Herb Lamb and Green Beans
Pluck the leaves from half the thyme. Pluck the leaves from the rosemary. Place the leg of lamb in a freezer bag with 2 tablespoons oil, lemon zest, thyme, garlic and rosemary and marinate in the refrigerator overnight. Remove the meat from the refrigerator 1 hour before cooking and bring to room temperature.
Preheat the oven to 80°C (approximately 175°F). Remove the leg of lamb, herbs and garlic from the freezer bag. Season the meat well with salt and pepper. Heat a shallow roasting pan over medium-high heat and brown the lamb, garlic and herbs for 8 - 10 minutes. Place the remaining fresh thyme on the lamb and bake for 6 hours.
Approximately 40 minutes before the end of cooking rinse and trim the green beans. Blanch the green beans in boiling salted water until al dente, about 6 to 8 minutes. Drain and mix with 1 teaspoon butter.

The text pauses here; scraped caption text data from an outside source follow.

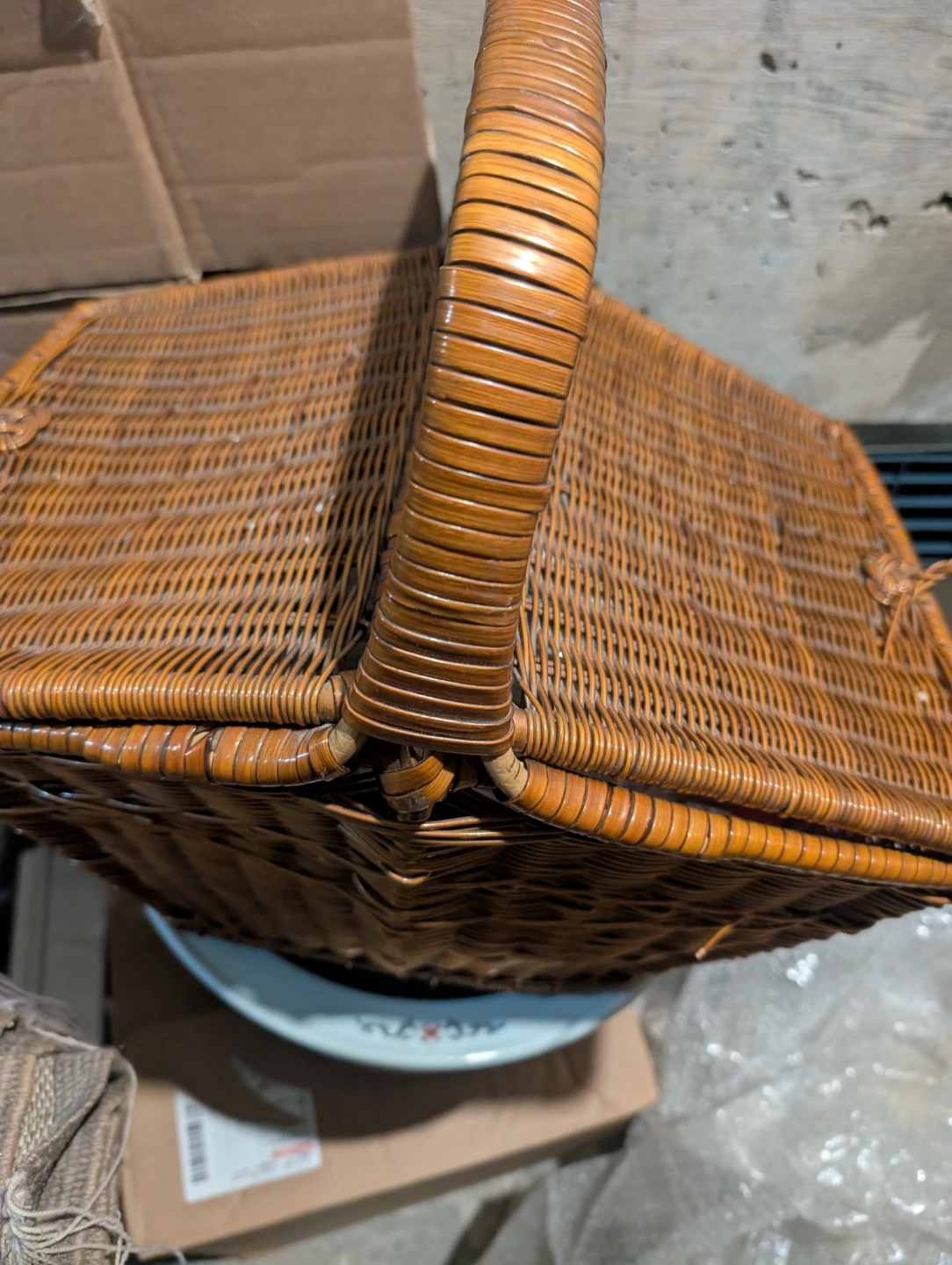 Wicker Picnic Basket with Plates and Glasses - photo 4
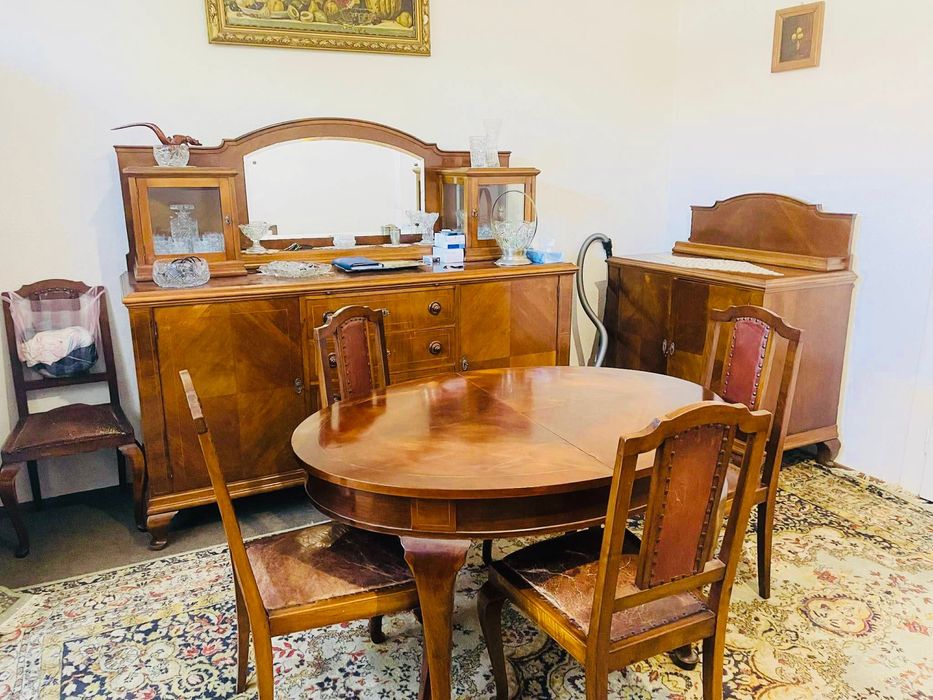Mobilier antic de sufragerie.
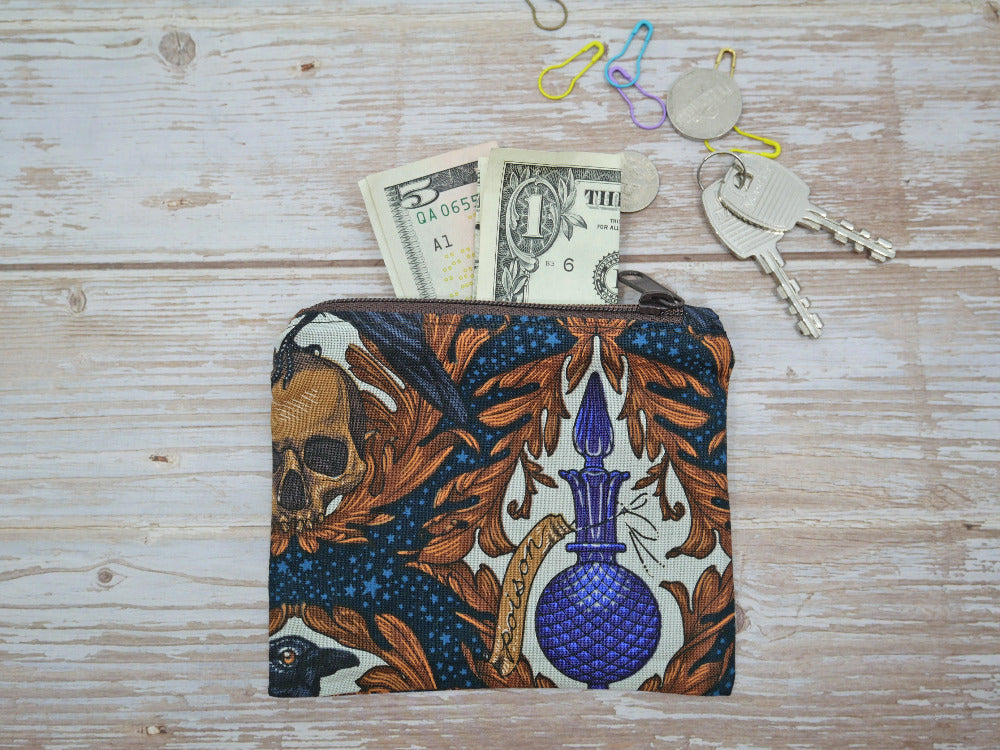 Poison zippered bag
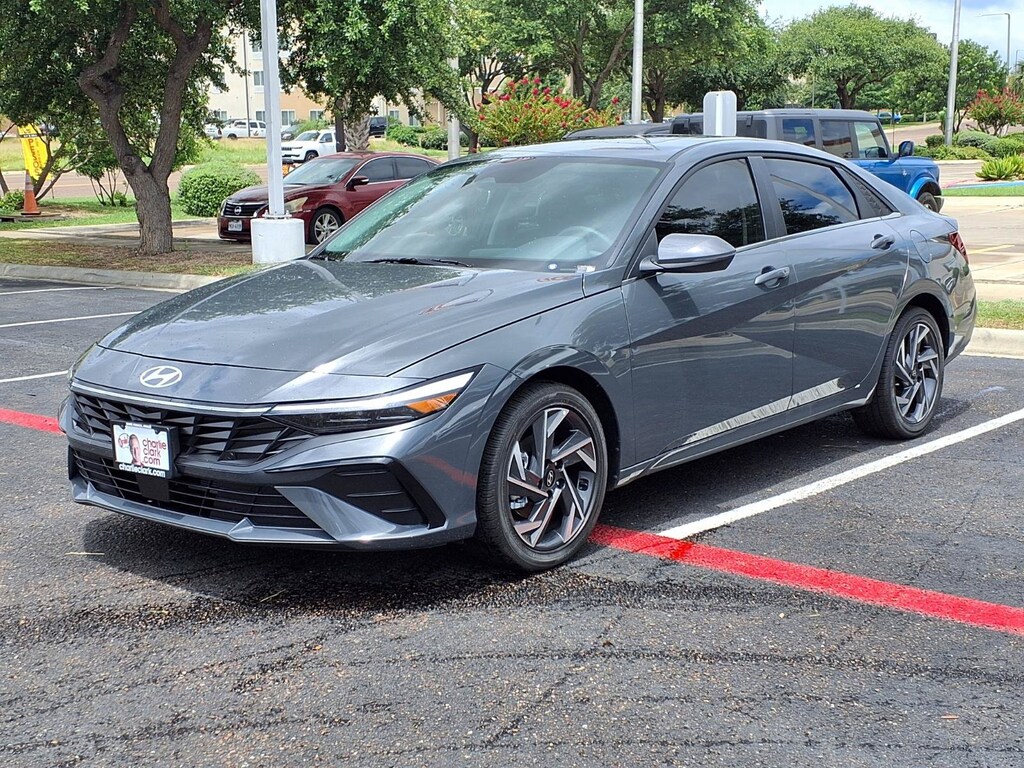 New 2026 Hyundai Elantra Limited Sedan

Combine lemon juice and 150 ml (approximately 2/3 cup) water mix and pour into the roasting pan. Increase the oven temperature to 250°C (approximately 480°F) and bake for 10 to 12 minutes, until golden, turning once.
Remove the lamb from the oven. Cut the meat into slices from the bone. Serve on preheated plates with the gravy from the roasting pan and the buttered green beans.